1. The U.S. housing slump marches on.

Several streams of data indicate how much more serious the situation is than was clear a few months ago. First, forward-looking indicators suggest that the housing sector may be in free-fall from what felt like the basement levels of a few months ago. Single family home construction may be down over the next year by as much as half from previous peak levels. There are forecasts implied by at least one property derivatives market indicating that nationwide house prices could fall from their previous peaks by as much as 25 per cent over the next several years.

2. The U.S. financial sector will be rocked— hard.

Second, it is now clear that only a small part of the financial distress that must be worked through has yet been faced. On even the most optimistic estimates, the rate of foreclosure will more than double over the next year as rates reset on subprime mortgages and home values fall. Estimates vary, but there is nearly universal agreement that – if all assets were marked to market valuations – total losses in the American financial sector would be several times the $50bn or so in write-downs that have already been announced by big financial institutions. These figures take no account of the likelihood that losses will spread to the credit card, auto and commercial property sectors. Nor do they recognise the large volume of financial instruments that depend for their high ratings on guarantees provided by credit insurers whose own health is now very much in doubt.

3. Credit, necessary for economic expansion, will become tougher to come by.

Third, the capacity of the financial system to provide credit in support of new investment on the scale necessary to maintain economic expansion is in increasing doubt. The extent of the flight to quality and its expected persistence was powerfully demonstrated last week when the yield on the two-year Treasury bond dropped below 3 per cent for the first time in years. Banks and other financial intermediaries will inevitably curtail new lending as they are hit by a perfect storm of declining capital due to mark-to-market losses, involuntary balance sheet expansion as various backstop facilities are called, and greatly reduced confidence in the creditworthiness of traditional borrowers as the economy turns downwards and asset prices fall.

Add the following:

Then there are the potentially adverse effects on confidence of a sharply falling dollar, rising energy costs, geopolitical uncertainties especially in the Middle East, or lower global growth as economic slowdown and a falling dollar cause the US no longer to fulfill its traditional role of importer of last resort.
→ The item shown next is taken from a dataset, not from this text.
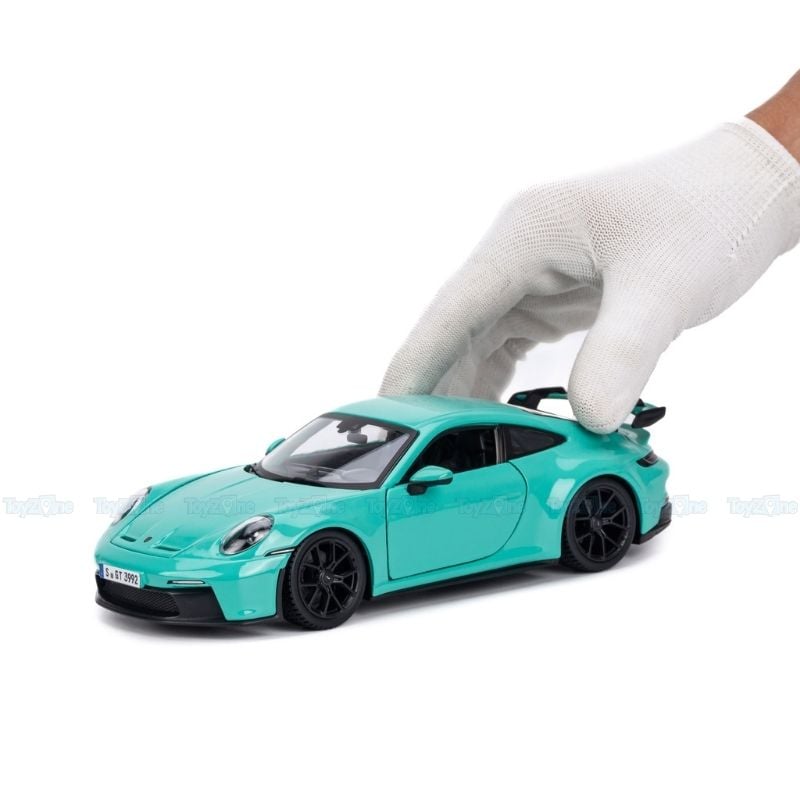 Mô hình xe Porsche 911 GT3 1:24 BBURAGO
And you have the recipe for an economic recession in the United States. Summers said:

Even if necessary changes in policy are implemented, the odds now favour a US recession that slows growth significantly on a global basis. Without stronger policy responses than have been observed to date, moreover, there is the risk that the adverse impacts will be felt for the rest of this decade and beyond.

Sphere: Related Content

Storm Brewing For U.S. Commercial Real Estate Sector?
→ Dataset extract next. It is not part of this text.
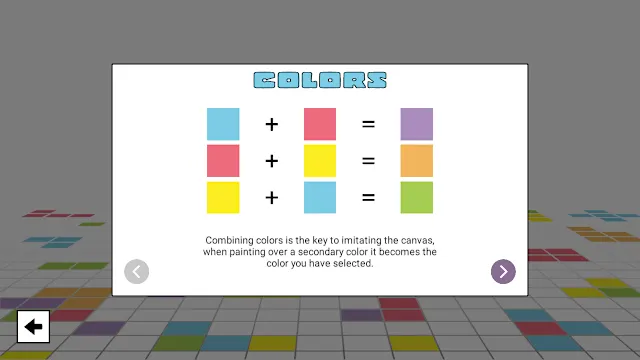 Colormitation screenshot 5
A lot of media attention has been focused on the plight of the U.S. residential real estate market. But where is the U.S. commercial real estate sector headed? Will it follow housing’s lead down? By all appearances, commercial real estate has performed admirably. New York-based real estate research firm Real Capital Analytics noted commercial property sales hit $401 billion through October 18, outpacing last year’s $359 billion total. The U.S. Commerce Department said construction spending on office buildings, shopping centers, and other private, non-residential projects jumped 15.2% in August. The commercial sector has been immune to the residential mortgage mess because for the most part, buyers and sellers are more sophisticated, and they have more financial flexibility and resources to ride out credit market turmoil, experts told the Associated Press on October 22. Bernard Baumohl, managing director of New Jersey-based Economic Outlook Group, said, “It’s a different animal than the nonresidential construction business with the direct relationship between banks and business leaders, not banks and homeowners.” The National Association of Realtors’ chief economist Lawrence Yun spoke at this past weekend’s NAR convention in Las Vegas and said, “Despite some initial concerns, there have been no serious capital problems for institutional-grade properties, and most of the commercial market is performing well even though some private transactions have been cancelled or postponed.” Fundamentals remain strong with rising rents and occupancy levels expected to continue, especially in metropolitan areas. Yun said, “Vacancy rates should be gradually declining in the overall office, industrial, retail and multifamily sectors during 2008, reflecting the underlying demand for space in a growing economy. Areas with strong job growth will see the healthiest commercial markets.” Also, commercial markets are not in oversupply mode. “There’s plenty of excess capital that wants into real estate, especially in metro areas,” said Dan Fasulo, managing director of Real Capital Analytics. Finally, Yun noted that foreign investors, attracted by the weakened U.S. dollar, are pouring funds into the U.S. commercial sector. “Foreign investors are looking for good returns in a historically stable economy, and account for nearly 10 percent of total investment in U.S. commercial real estate sectors.”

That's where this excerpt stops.